Well, tell me what you think of this argument:

Lets divide the meta-language into two sets: P (the sentences that cannot be rendered in English) and Q (the sentences that can). If you expect Q to be empty, then let me know and we can talk about that case. But let’s assume for now that Q is not empty, since I assume we both think that an AGI will be able to handle human language quite easily. Q is, for all intents and purposes, a ‘human’ language itself.

Premise one is that that translation is transitive: if I can translate language a into language b, and language b into language c, then I can translate language a into language c (maybe I need to use language b as an intermediate step, though).

Premise two: If I cannot translate a sentence in language a into an expression in language b, then there is no expression in language b that expresses the same thought as that sentence in language a.
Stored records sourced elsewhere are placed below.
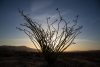 Ocotillo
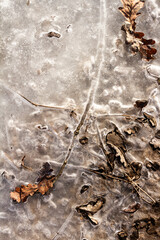 Spring ground covered with thawing snow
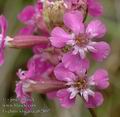 Lychnis_viscaria_ab2807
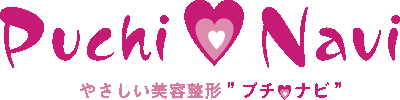 プチナビ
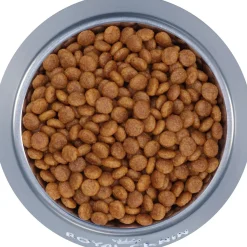 Size Health Nutrition X-Small Adult Dog Food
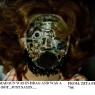 Zeta_Phi_708-OMADAUN_FEMBOT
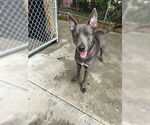 Small #1 German Shepherd Dog Mix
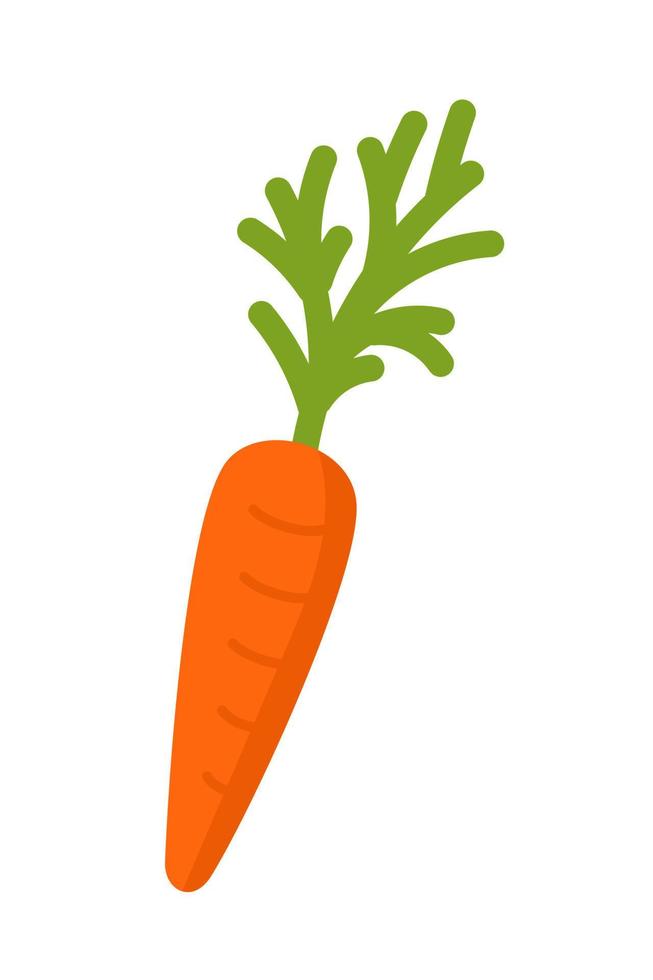 Carrot Gardening Agriculture Vector illustration isolated on white background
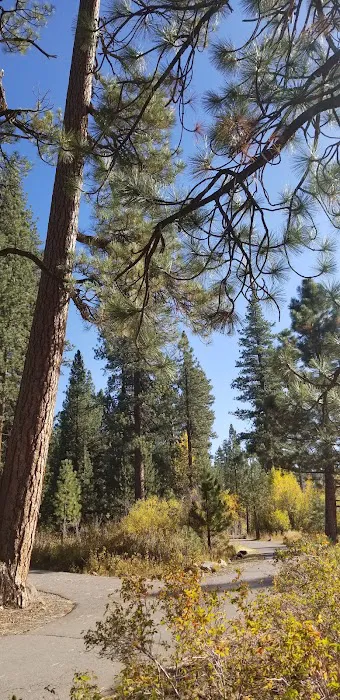 Cold Creek Campground Picture 9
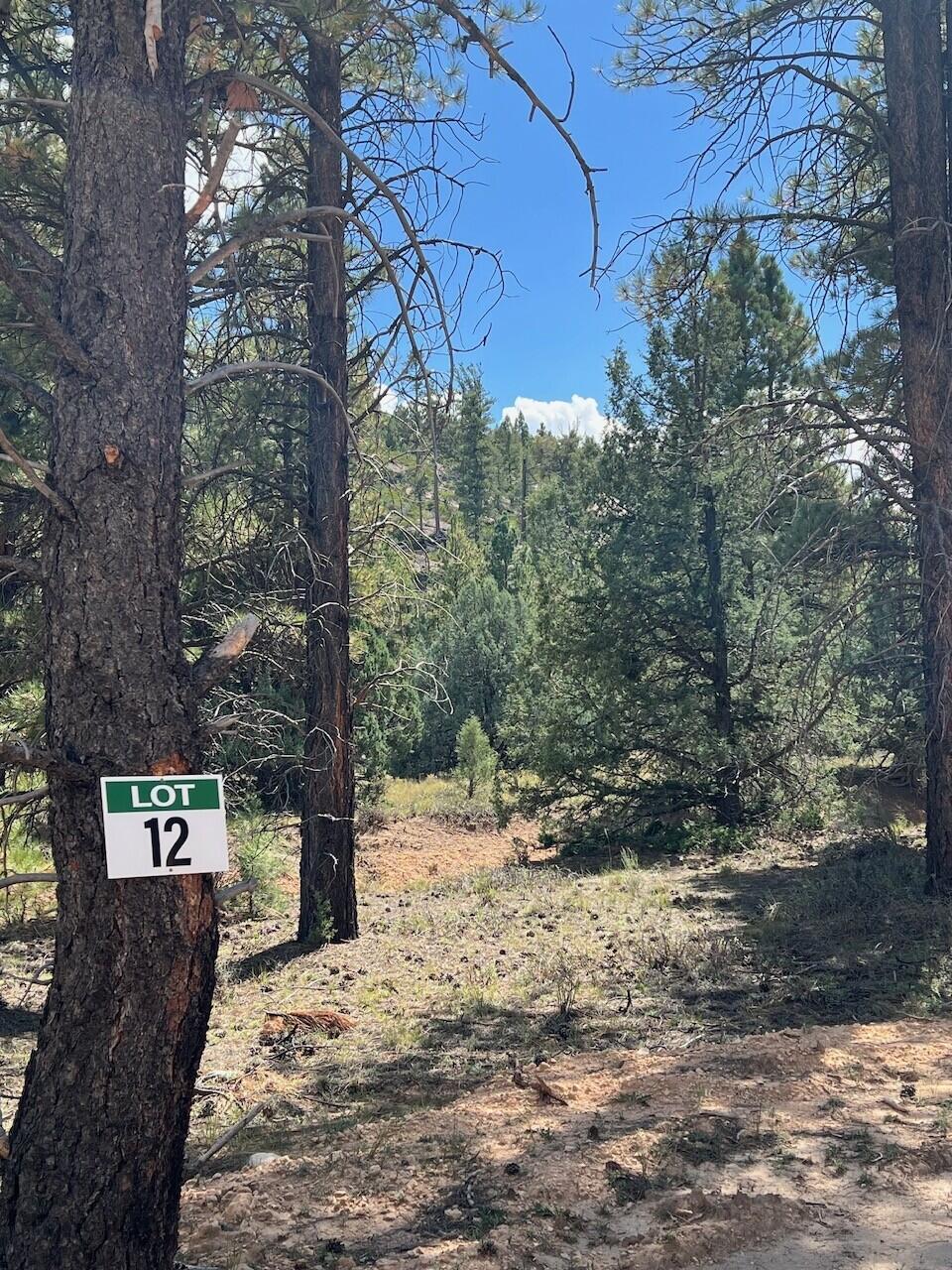 Legacy land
Premise three: Any AGI would have to learn language originally from us, and thereafter either from us or from previous versions of itself.

So by stipulation, every sentence in Q can be rendered in English, and Q is non-empty. If any sentence in P cannot be rendered in English, then it follows from premise one that sentences in P cannot be rendered in sentences in Q (since then they could thereby be rendered into English). It also follows, if you accept premise two, that Q cannot express any sentence in P. So an AGI knowing only Q could never learn to express any sentence in P, since if it could, any speaker of Q (potentially any non-improved human) could in principle learn to express sentences in P (given an arbitrarily large amount of resources like time, questions and answers, etc.).

Hence, no AGI, beginning from a language like English could go on to learn how to express any sentence in P. Therefore no AGI will ever know P.

I’m not super confident this argument is sound, but it seems to me to be at least plausible.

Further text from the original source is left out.